Chinese Ebook Downloader

Download Chinese ebooks from multiple sources with automatic fallback and format conversion.

Quick Start

# Single book download (multi-source fallback)
python scripts/download_book.py --title "超越百岁" --author "彼得·阿提亚"

# Multi-source batch download (A→B→C fallback + EPUB→PDF conversion)
python scripts/multi_source_download.py ~/Books/

# Search Anna's Archive directly
python scripts/search_source_c.py "书名" "作者"

# Convert EPUB to PDF
python scripts/epub_to_pdf.py book.epub book.pdf

Download Sources (Priority Order)

Source	Coverage	Limit	Notes
Source A (online book library)	~100%	None	Primary — high coverage for popular Chinese books
Source B (secondary library)	~8%	None	Fallback for missing titles
Source C (Anna's Archive)	Wide	Rate-limited	Last resort — uses libgen.li mirrors

Note: Z-Library has been deprecated due to 10/day download limit.

Multi-Source Fallback

The multi_source_download.py script automatically tries sources in order:

Source A → Source B → Source C → EPUB→PDF Conversion

Workflow per book:

Try Source A (ZIP → extract PDF/EPUB)
If failed, try Source B (file host download)
If failed, try Source C (Anna's Archive via libgen.li)
If only EPUB found, auto-convert to PDF using weasyprint

Usage:

# Edit BOOKS list in script, then run:
python scripts/multi_source_download.py ~/Books/

EPUB → PDF Conversion

When only EPUB format is available, auto-convert using weasyprint:

# Single file
python scripts/epub_to_pdf.py input.epub output.pdf

# Batch convert directory
python scripts/epub_to_pdf.py --batch ~/Books/

Requirements: ebooklib, weasyprint, CJK fonts installed.

Scripts Reference

Script	Purpose
`download_book.py`	Primary download from Source A
`search_secondary_source.py`	Source B search & download
`search_source_c.py`	Anna's Archive search & download
`batch_download.py`	Batch download from JSON list
`multi_source_download.py`	Multi-source A→B→C fallback
`epub_to_pdf.py`	EPUB/MOBI to PDF conversion
`anna_iso_batch.sh`	Anna's Archive isolated batch (one process per book)

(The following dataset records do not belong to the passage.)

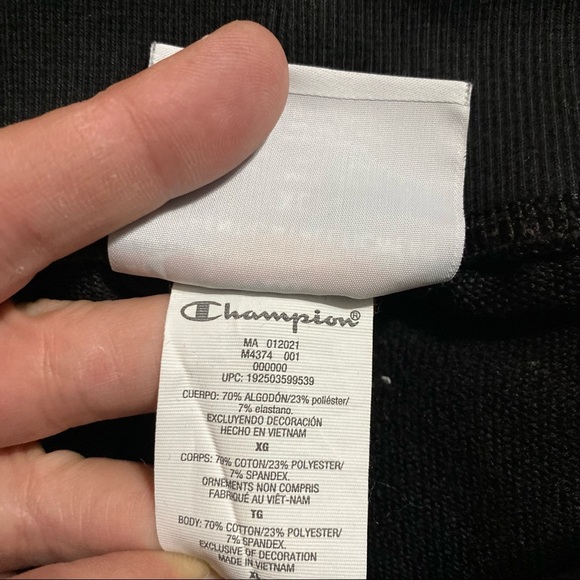 Champion Black Cotton Logo Jogger Pants - Picture 6 of 6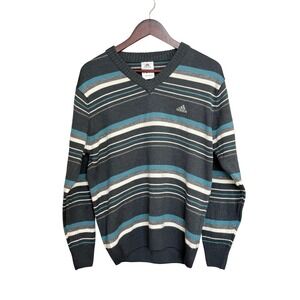 Adidas‎ V-Neck Sweater Asian Size M Grey Wool Blend Striped Embroidered Logo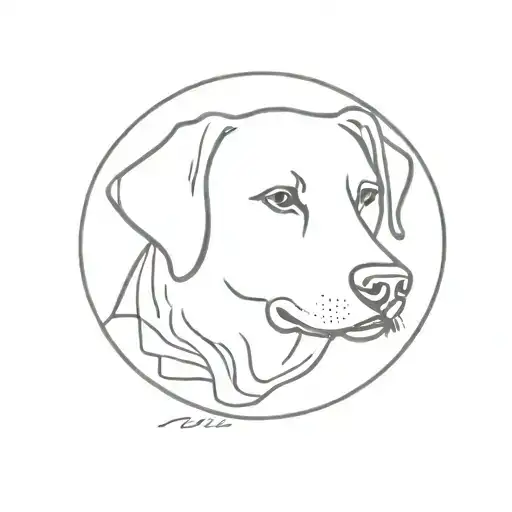 Lab Dog Head Inside A Penny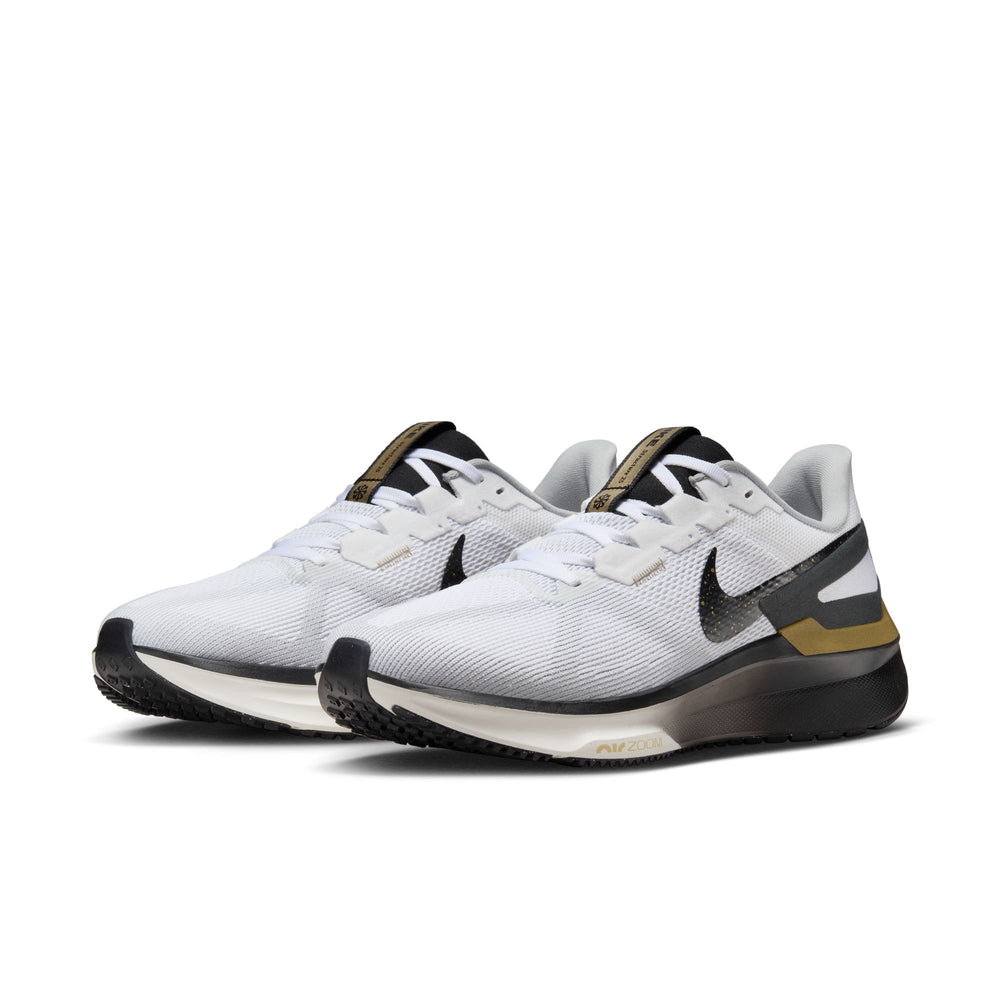 Nike Men s Air Zoom Structure 25 Running Shoes White Metallic Gold Light Smoke Grey Black Achilles Heel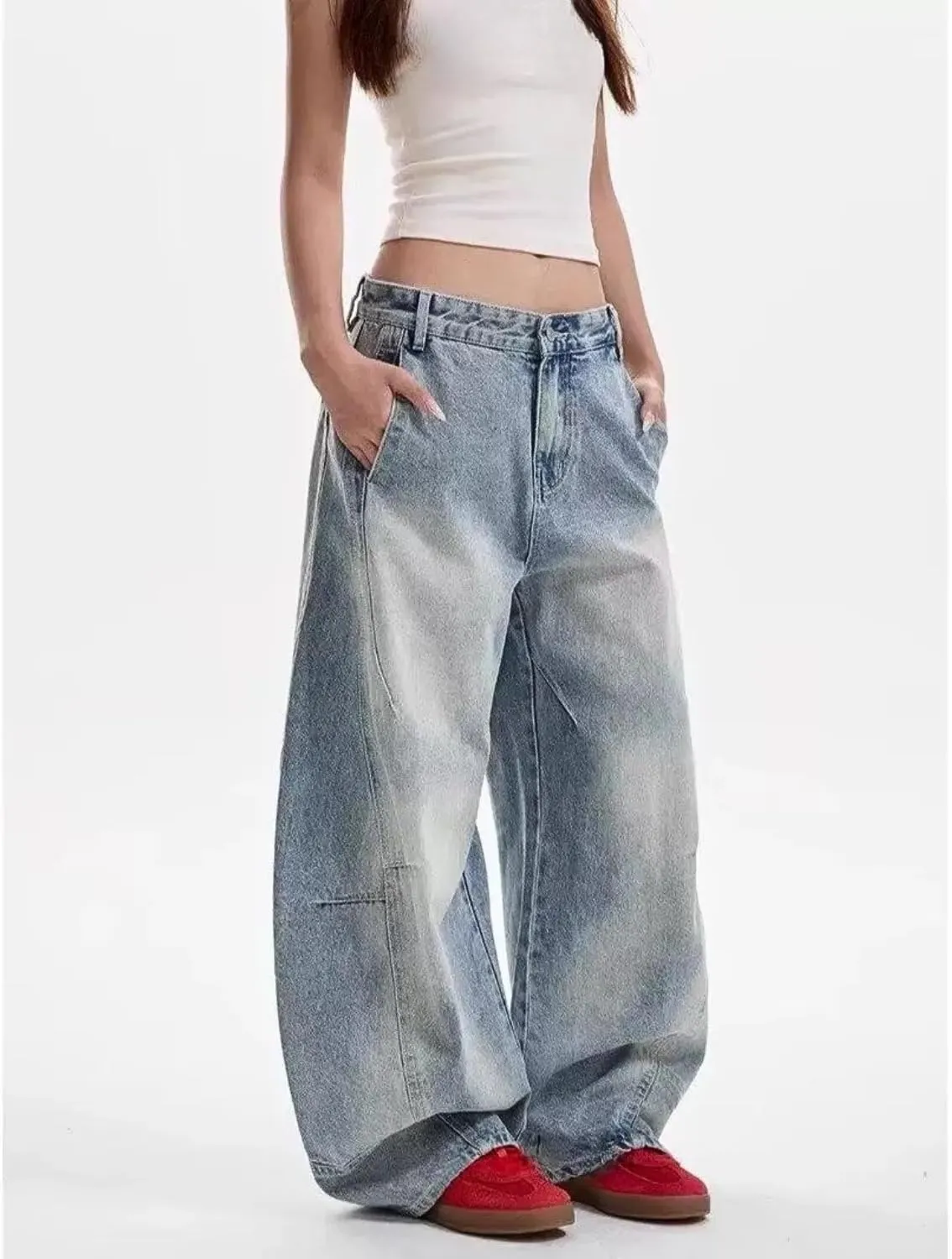 Mens Baggy Jeans Y2k Wide Leg Barrel Jeans for Women Stretchy Hip Hop Loose Denim Pants Grunge Clothes Streetwear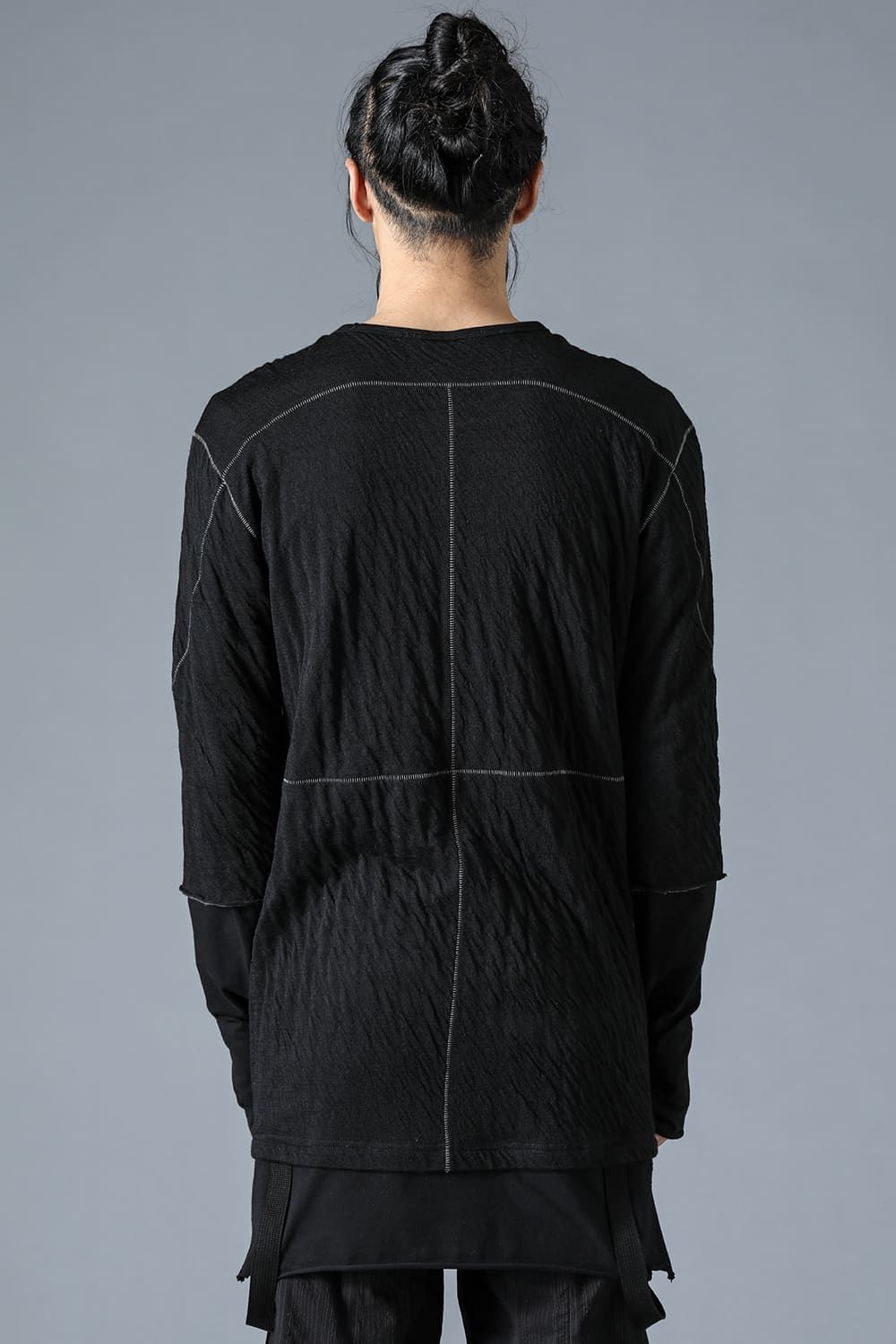 Wool×Cotton Double Face Layered Globe Sleeve Tee"Black/"ウール×コットンダブルフェイスレイヤードグローブスリーブTシャツ"ブラック"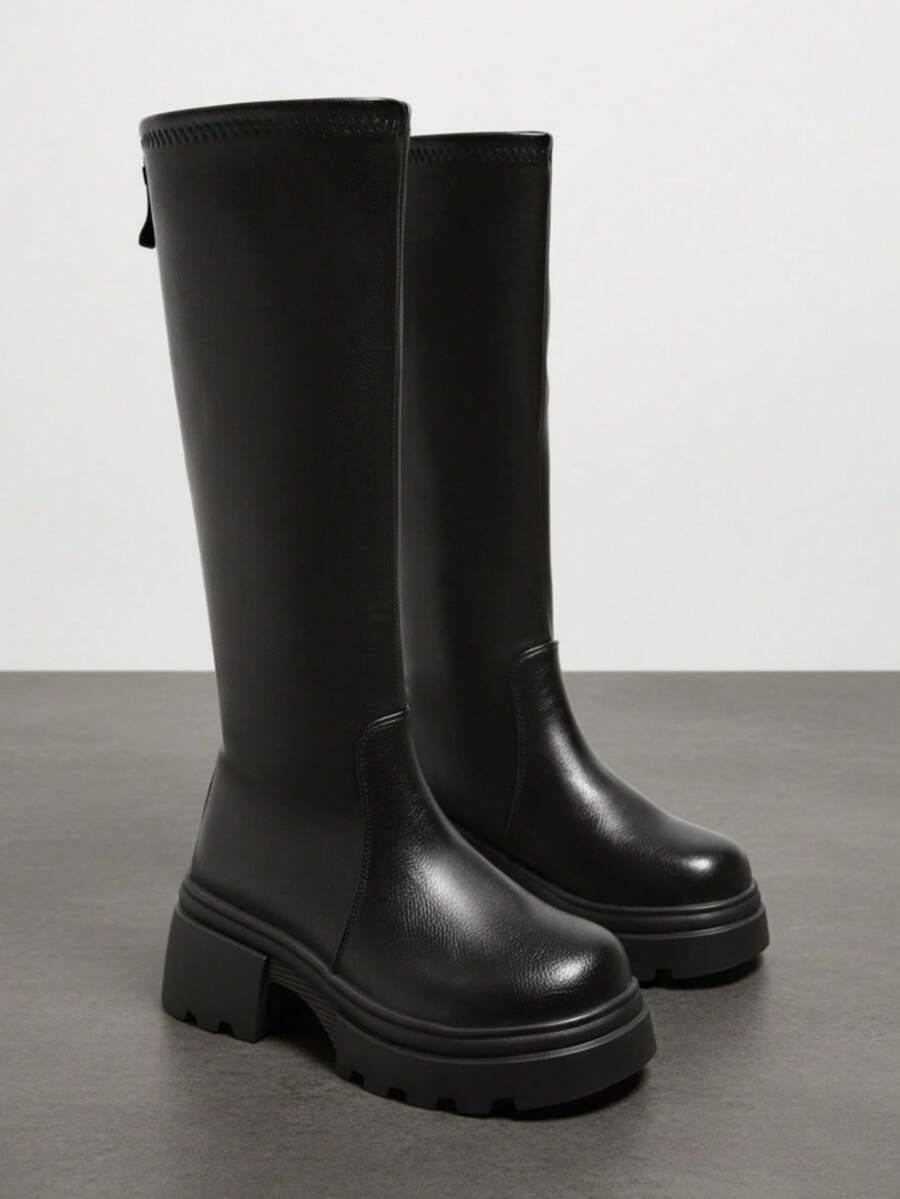 Plus Size Women's Round Toe Thick Sole Tall Boots, Chunky Heel Back Zipper Solid Color Autumn Fashion Boots - Black - View 1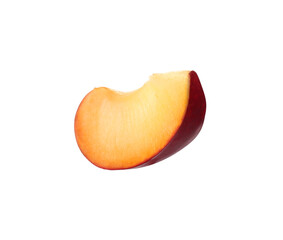 Naklejka na ściany i meble Slice of ripe plum isolated on white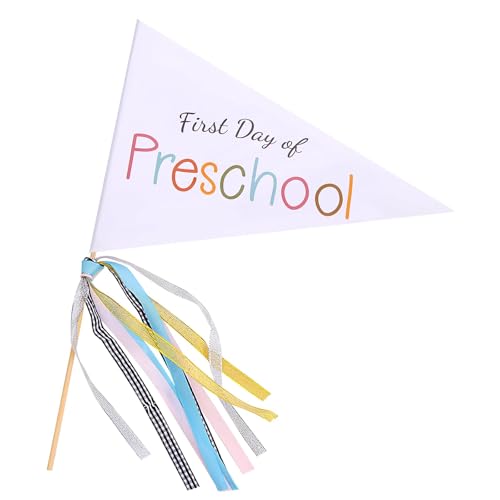 First Day of School Flag, Preschool Back to School Pennants Flag with Ribbons, DIY Your First Day of Preschool Sign or Back to School Photo Props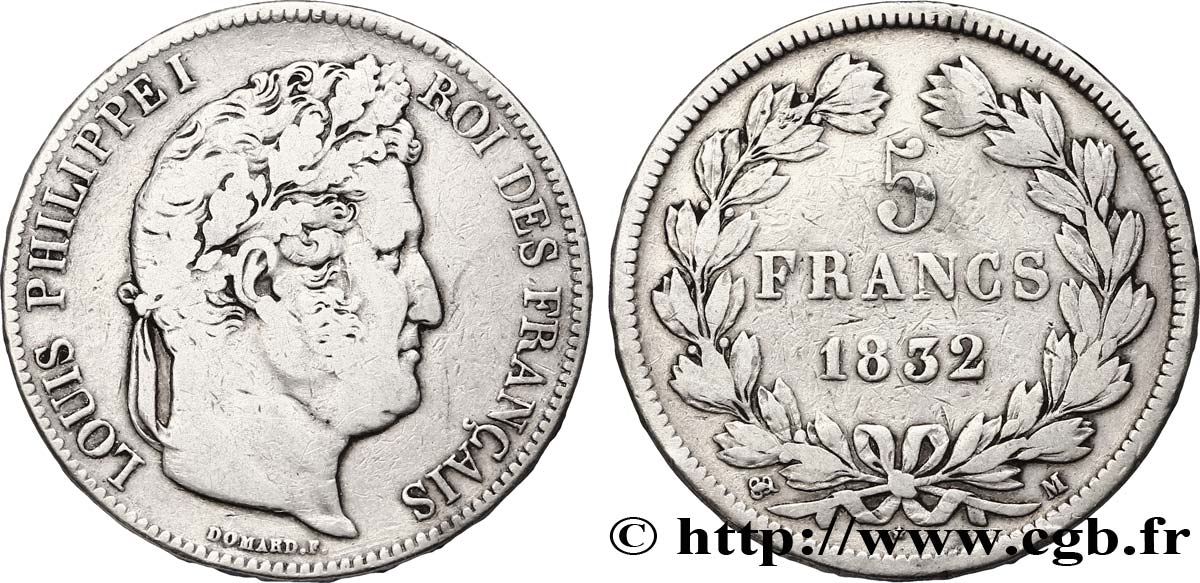 5 francs IIe type Domard 1832 Toulouse F.324/9 S25 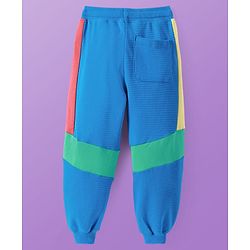 Pine Kids Cotton Knit Full Sleeves Cut & Sew Sweatshirt & Joggers Set with Text Print - Blue & Green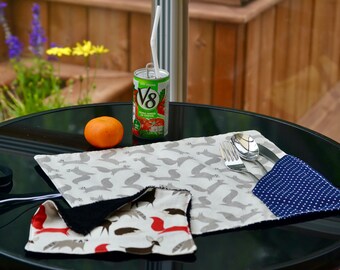Lunch placemat, squirrel pattern, gray and beige, blue fabric with white polka dots, back to school, rolled placemat, work placemat,washable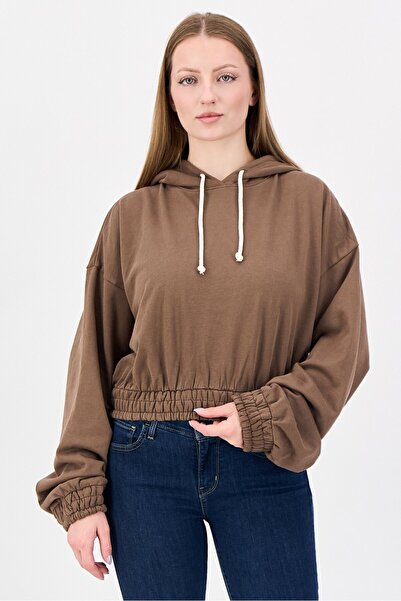 NIA Women Plain Long Sleeve Cropped Hoodies, Brown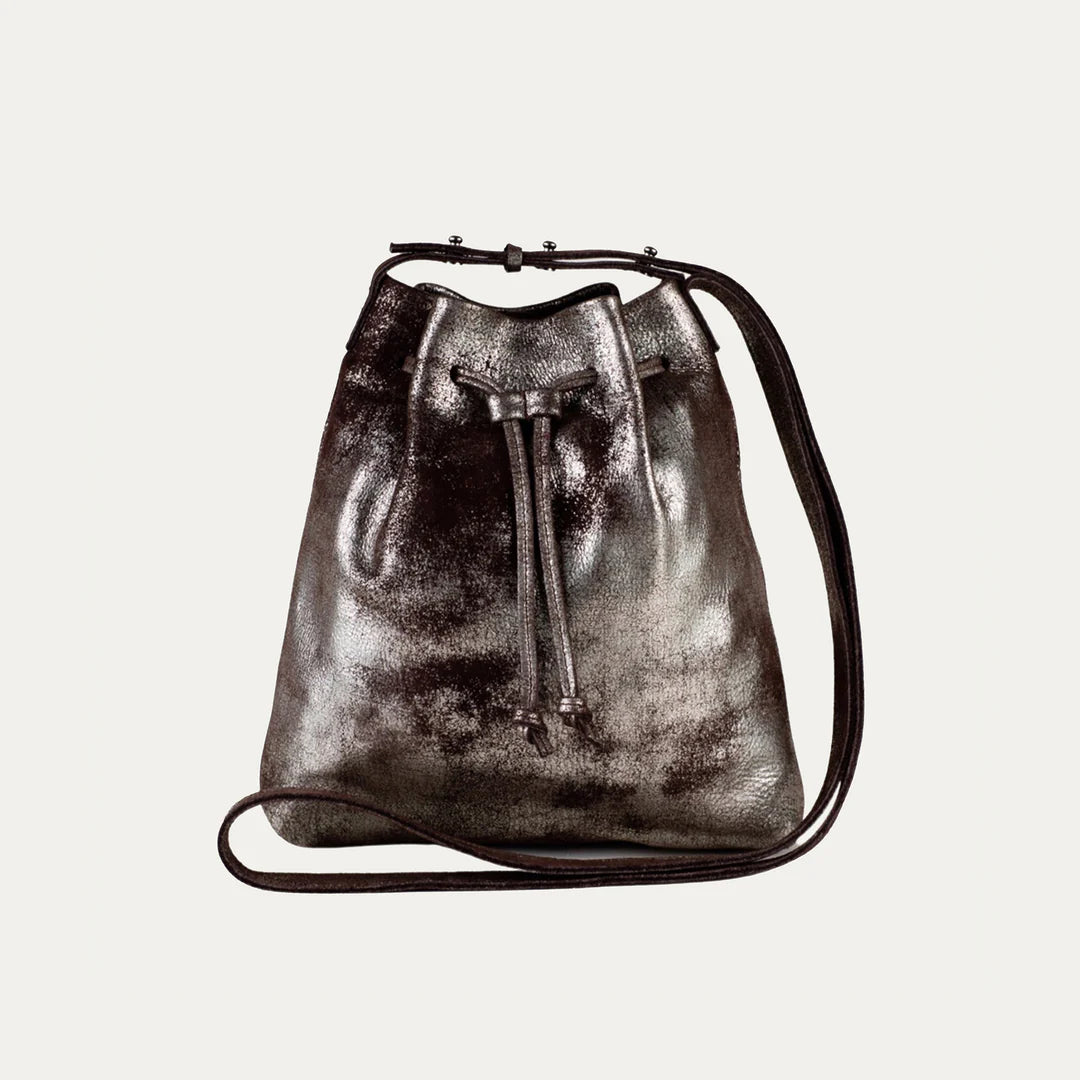 Brown Metallic Mini Crossbody Tote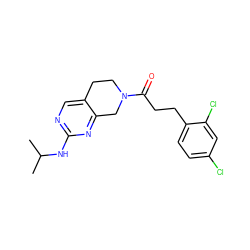 CC(C)Nc1ncc2c(n1)CN(C(=O)CCc1ccc(Cl)cc1Cl)CC2 ZINC001772635919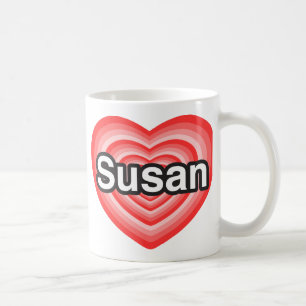 Mug J'aime Susan. Je t'aime Susan. Cœur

Source A Workflow (Primary)

Search → Get file host link → Decrypt → Wait countdown → API fetch → curl download → Extract ZIP

Step 1: Search

Search the primary library for the book title. Navigate to download page, extract file host URL and password.

Step 2: Decrypt

Navigate to file host URL, enter password, click decrypt.

Step 3: Wait for countdown

File hosting service requires countdown before download. Do not skip.

Step 4: Fetch real download URL

Get page variables:

JSON.stringify({api_server, userid, file_id, share_id, file_chk, start_time, wait_seconds, verifycode})

Call API:

(async () => {
  var url = api_server + '/get_file_url.php?uid=' + userid
    + '&fid=' + file_id + '&folder_id=0&share_id=' + share_id
    + '&file_chk=' + file_chk + '&start_time=' + start_time
    + '&wait_seconds=' + wait_seconds + '&mb=0&app=0&acheck=0'
    + '&verifycode=' + verifycode + '&rd=' + Math.random();
  var headers = typeof getAjaxHeaders === 'function' ? getAjaxHeaders() : {};
  var resp = await fetch(url, {headers: headers});
  return JSON.stringify(await resp.json());
})()

Response code: 200 → downurl is real URL.

Step 5: Download

curl -L -o "book.zip" "DOWNURL" \
  -H "User-Agent: Mozilla/5.0 (Macintosh; Intel Mac OS X 10_15_7)" \
  --max-time 1200

Step 6: Extract ZIP (GBK encoding)

import zipfile
with zipfile.ZipFile('book.zip', 'r') as z:
    for info in z.infolist():
        try:
            name = info.filename.encode('cp437').decode('gbk')
        except:
            name = info.filename
        ext = os.path.splitext(name)[1].lower()
        if ext in ('.epub', '.azw3', '.mobi', '.pdf', '.txt'):
            data = z.read(info.filename)
            with open(os.path.basename(name), 'wb') as f:
                f.write(data)

Book Name Matching Strategy

When a book title is long or contains multiple names (e.g. box sets):

Removes subtitles (after "：" or ":")
Removes parenthetical content ("（...）", "(...)")
Removes "套装共X册" bundle descriptions
Splits "+"-connected titles into individual books
Tries each keyword until match found
Falls back to full title + author

Examples:

"杨定一全部生命系列：真原医+静坐+好睡（套装3册）" → tries "真原医", "静坐", "好睡"
"超越百岁：长寿的科学与艺术" → tries "超越百岁", then "超越百岁彼得·阿提亚"

Format Selection

Flag	Description
`--format pdf`	PDF only (default, preferred for NotebookLM)
`--format epub`	EPUB only
`--format mobi`	MOBI only
`--format azw3`	AZW3 only
`--format any`	Accept any available format

Batch Download

python scripts/batch_download.py --book-list books.json --output-dir ~/Books/

JSON format:

[
  {"title": "超越百岁", "file_url": "<file_host_url>", "password": "<password>"}
]

Features: resume via _progress.json, skip existing, rate limiting.

Troubleshooting

Problem	Solution
IP blocking	Use browser tool, not web_fetch
Link 404	Link expired, re-search
API non-200	Re-navigate and re-decrypt
Download is HTML	URL expired, fresh API call needed
ZIP filenames garbled	Use Python cp437→gbk, not unzip
Timeout on large files	Increase `--max-time` to 1200
Anna's Archive blocked	Try different mirror, use `anna_iso_batch.sh`